Monday, May. 19, 1947

Without Fireworks

To the Havana man in the street, Communist Lazaro Pena is the Cuban Confederation of Labor (C.T.C.) and the Cuban Confederation of Labor is Pena. Once a tobacco worker and now a connoisseur of fine cigars, he dominates meetings of his 400,000-member Confederation with his booming, deliberate voice, his attacks on U.S. imperialismo, his praise of Russia. His chief monument is the block-long Palacio de Los Trabajadores (Labor Palace), for which President Ramon Grau San Martin allotted $772,000 to butter up the Communists after they had given him a political hotfoot in 1945.

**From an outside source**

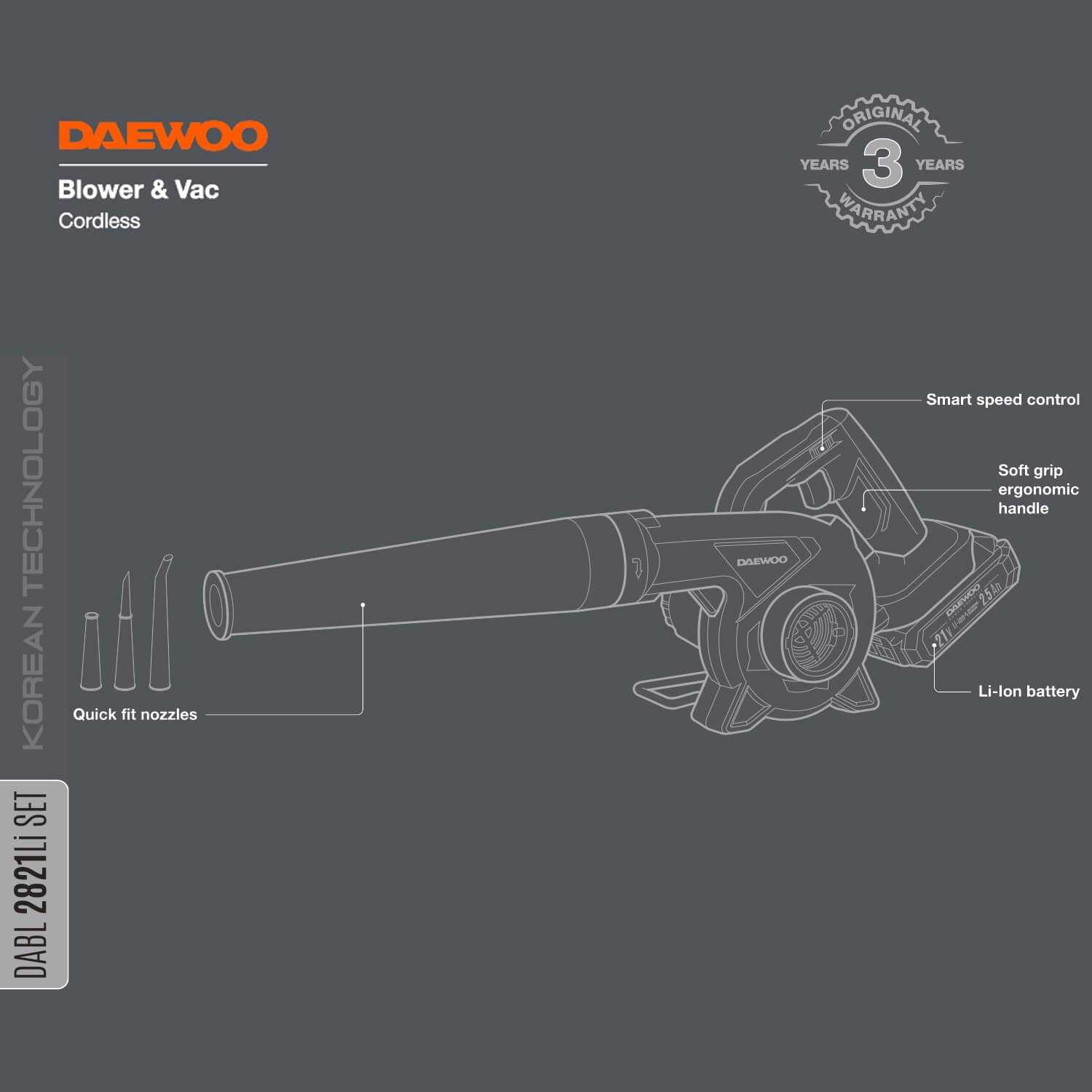 Воздуходувка-пылесос DAEWOO DABL 2821Li SET фотография 12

In the still unfinished Palace, Pena last week dominated the fifth annual Congress of the Confederation. There were no fireworks of the sort that set off an explosion last month, when a row between Commies and non-Commies broke up the Congress and forced its postponement (TIME, April 21). Pena was re-elected secretary-general, and carried with him an all-Communist executive committee.

Labor leaders who belong to President Grau's Autentico (Cuban Revolutionary Party) stayed away from the Congress; so did independents. They called it illegal, because the Government commission appointed to check delegates' credentials had not finished its work. At week's end the anti-Communist forces tentatively scheduled a "legal Congress" for May 18, speculated on who would control the Confederation's treasury if there were rival officers. They wondered if this would force President Grau, who needs Communist support for his administration, to take a stand for or against his Red allies.